Canadian content at Charlottetown Festival demanded
An online petition is pushing for all foreign content to be banned from the stage at the Confederation Centre of the Arts.
Nova Scotia playwright and theatre director John Brown launched the petition because he believes the centre has strayed too far from its founding mandate, which reads "celebrate....Canada's evolving nationhood by showcasing the nation's visual and performing arts and artists."
Brown argues many of the shows presented on the Mainstage at the Charlottetown Festival over the last few years – such as Ring of Fire: the Music of Johnny Cash, Hairspray and The Full Monty – are a long way from meeting that mandate.
"The Confederation Centre of the Arts is a living monument," said Brown.
"If we treated a war memorial the way we treat this living monument I think there would be an uproar."
As a memorial to Confederation, the centre gets 35 per cent of its operating budget from Ottawa and nine provincial and territorial governments. Brown said if the Centre's not going to meet its mandate it shouldn't get that money.
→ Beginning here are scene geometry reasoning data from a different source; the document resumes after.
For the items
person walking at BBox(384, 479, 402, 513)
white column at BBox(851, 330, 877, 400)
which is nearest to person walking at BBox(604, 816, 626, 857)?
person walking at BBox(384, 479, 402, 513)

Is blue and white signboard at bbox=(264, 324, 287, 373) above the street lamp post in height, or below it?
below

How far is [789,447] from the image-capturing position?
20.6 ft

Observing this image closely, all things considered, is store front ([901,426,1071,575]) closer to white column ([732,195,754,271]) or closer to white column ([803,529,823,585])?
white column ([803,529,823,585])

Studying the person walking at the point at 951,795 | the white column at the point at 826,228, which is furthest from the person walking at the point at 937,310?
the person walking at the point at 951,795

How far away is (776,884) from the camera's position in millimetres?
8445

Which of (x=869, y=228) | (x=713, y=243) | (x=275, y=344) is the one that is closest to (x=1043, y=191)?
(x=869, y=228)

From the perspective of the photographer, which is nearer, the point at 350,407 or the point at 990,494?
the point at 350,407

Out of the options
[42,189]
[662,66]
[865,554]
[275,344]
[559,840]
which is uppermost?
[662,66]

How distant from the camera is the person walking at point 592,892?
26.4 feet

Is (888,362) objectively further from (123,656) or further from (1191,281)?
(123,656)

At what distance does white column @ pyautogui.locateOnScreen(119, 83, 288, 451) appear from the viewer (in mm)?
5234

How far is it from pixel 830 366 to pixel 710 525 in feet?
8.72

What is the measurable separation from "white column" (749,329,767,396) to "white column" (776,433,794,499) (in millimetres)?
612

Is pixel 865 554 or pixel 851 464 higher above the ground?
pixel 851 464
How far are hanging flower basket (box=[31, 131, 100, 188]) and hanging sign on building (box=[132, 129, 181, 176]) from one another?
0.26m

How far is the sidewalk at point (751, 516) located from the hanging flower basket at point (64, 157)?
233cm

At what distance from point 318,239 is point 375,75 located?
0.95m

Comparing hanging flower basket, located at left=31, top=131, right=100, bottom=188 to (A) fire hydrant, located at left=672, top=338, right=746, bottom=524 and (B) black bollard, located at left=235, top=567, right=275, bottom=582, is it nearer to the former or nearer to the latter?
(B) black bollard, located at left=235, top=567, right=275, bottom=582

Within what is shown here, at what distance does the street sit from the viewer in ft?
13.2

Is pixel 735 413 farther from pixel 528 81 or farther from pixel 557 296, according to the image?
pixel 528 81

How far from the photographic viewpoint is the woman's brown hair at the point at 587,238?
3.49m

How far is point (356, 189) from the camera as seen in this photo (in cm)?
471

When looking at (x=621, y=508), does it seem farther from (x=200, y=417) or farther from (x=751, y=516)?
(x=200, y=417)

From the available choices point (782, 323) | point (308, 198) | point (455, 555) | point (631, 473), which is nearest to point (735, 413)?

But Confederation Centre CEO Jessie Inman disagrees. To begin with, she said, the criticism focuses too much on the Charlottetown Festival, ignoring the rest of what the Centre does, such as operating the art gallery, and presenting shows throughout the year.
Inman said a mandate review is underway, but she doesn't think the end result will be 100 per cent Canadian content.
"Sometimes, because we are a multicultural society, I don't think it's outside of our mandate to pick something that's written by someone else. And we might refer to Johnny Cash this year as an example," she said.
Inman also questioned how much support Brown's petition has with only nine signatures after a month online.
New Canadian musical
Even in advance of the mandate review, the centre is making a move towards more Canadian content at the Charlottetown Festival.
A new Canadian musical, written by the centre's playwright-in-residence, set in Charlottetown, is currently being workshopped. Sadie Calhoun is based on the visit of an American theatre troupe to Charlottetown in 1907.
There is still at least two years of work to do to make Sadie Calhoun ready for the stage, and no guarantee yet it will ever appear at the Charlottetown Festival.